Wide River to Cross, by Buddy Miller*

Mysore India. A few yards after embarking on a walk with a friend around Kukkarahalli Lake we saw one of the Painted Storks that live there. The lake is set in the middle of the University of Mysore and is one of the freshest places in the city to walk as well as a great place to see birds—reportedly 180 different kinds have been spotted at the lake. We hardly saw that many, but storks, being quite large, are pretty easy to see. There are 19 species of storks in the world, and while they’re abundant here in India, only one species breeds in North America (the endangered Wood Stork) but nowhere near where I live in California. So storks are a treat to these eyes, and I’ve enjoyed seeing them, large and glider-like, drifting over the city throughout my two-month visit, and again at the lake (evidently there is literally, a town whose name translates as “Village of Storks,” off the Mysore Highway outside of Bangalore, where hundreds of Painted Storks live!).
Upon further research, I learned that storks don’t migrate and are also mute (!).  Clearly, if Ashtangi’s were birds they would not be storks!  Most of we students have traveled thousands of miles to practice here (to whit, tomorrow night, I’ll get on a plane for the first leg of a 10,000+ mile trip home), and while Mysore feels increasingly familiar with each visit, I can never claim to be more than just perching in India.
Likewise, my friend and I certainly made up for the non-migratory storks’ lack of dialogue as we circumambulated the lake, going over our recent experiences here. Much of the discussion also was about when or whether or why we’d return (There’s often debate over one ‘needs’ to go to India to really experience Ashtanga and this occurs even among those who come!).
What you’re ordering up by coming here to practice yoga, whether that refers to your mind, your perspective or your body. I’ve come to think of asana’s newly performed akin to cairns along one’s personal path. While I could report back to you what poses I fully realized and those I’ve not quite reached (or come near, haha) this trip, that’s hardly the point. Furthermore, different poses signify different mile-posts to different people (for example, my friend and I have both received new poses but we’re working our stuff in completely different series’!).  The real action happened in between the new or elusive binds and bends and balances, and the point is how that translates to leading and experiencing our lives.
There’s a pivotal book in my reading life by Salmon Rushdie called ‘Imaginary Homelands’. I read it long before I did yoga or could imagine I’d one day go to India, but I always re-remember the book when I’m here. A collection of essays and criticism, Rushdie writes as a citizen of the world about place and writing and politics. A quote from that book, has been branded in my brain since I read it, and resonates more as time goes:
“The migrant suspects reality: having experienced several ways of being, he understands their illusory nature. To see things plainly, you have to cross a frontier.”
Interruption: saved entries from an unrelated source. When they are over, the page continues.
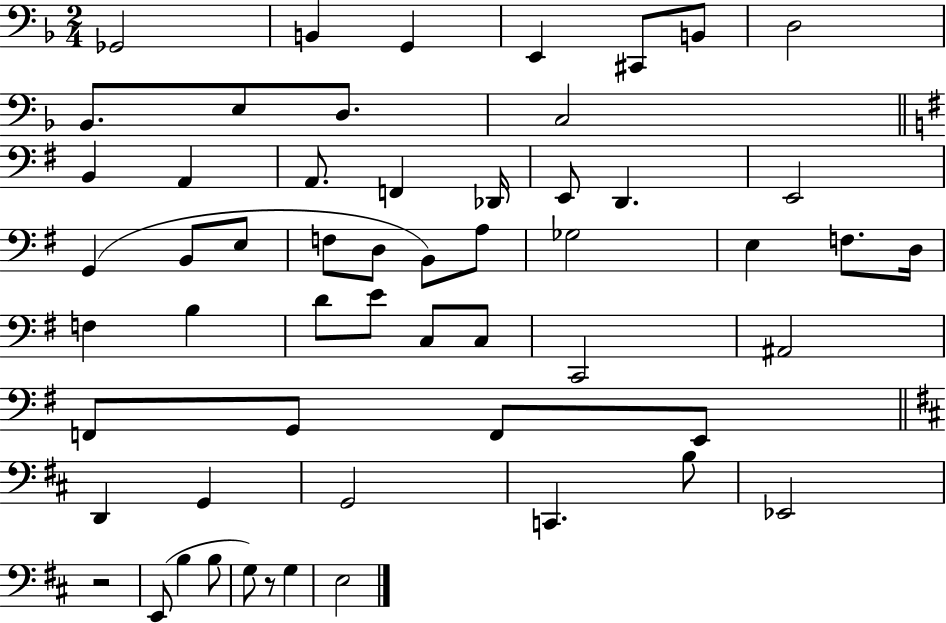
X:1
T:Untitled
M:2/4
L:1/4
K:F
_G,,2 B,, G,, E,, ^C,,/2 B,,/2 D,2 _B,,/2 E,/2 D,/2 C,2 B,, A,, A,,/2 F,, _D,,/4 E,,/2 D,, E,,2 G,, B,,/2 E,/2 F,/2 D,/2 B,,/2 A,/2 _G,2 E, F,/2 D,/4 F, B, D/2 E/2 C,/2 C,/2 C,,2 ^A,,2 F,,/2 G,,/2 F,,/2 E,,/2 D,, G,, G,,2 C,, B,/2 _E,,2 z2 E,,/2 B, B,/2 G,/2 z/2 G, E,2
Rushdie was writing about mass migrations as relating to Brazil, but the quote uncannily sums up much of my experience in both the practice of Mysore-style Ashtanga, and traveling so far to do so. Most of the time one leaves the mat in a very different ‘place’ than when they arrived. I’ve never come to India to practice and not experienced a sea change within.
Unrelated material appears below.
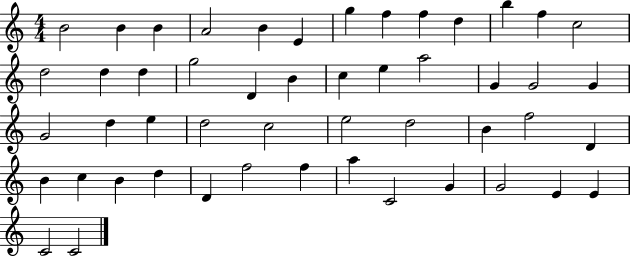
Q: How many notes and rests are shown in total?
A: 50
Nonetheless, I’ve been spending much of this day with the mundane activity of sorting through objects, folding clothes and contemplating my suitcase. I traveled light and didn’t acquire many new things. Some things are getting chucked. But this is not to say I don’t have some takeaways, mainly a slightly altered view of my less tangible ‘things’ including my relationship to practice, in general and when in Mysore, which is clearly a homeland of sorts, however temporary (or even imagined). At my real home, I expect I’ll see more clearly, as has happened upon every return,  how this trip has altered me. And while I don’t know when, I expect I will return to Mysore if for nothing else, the unique and usually life-changing perspective it continues to provide.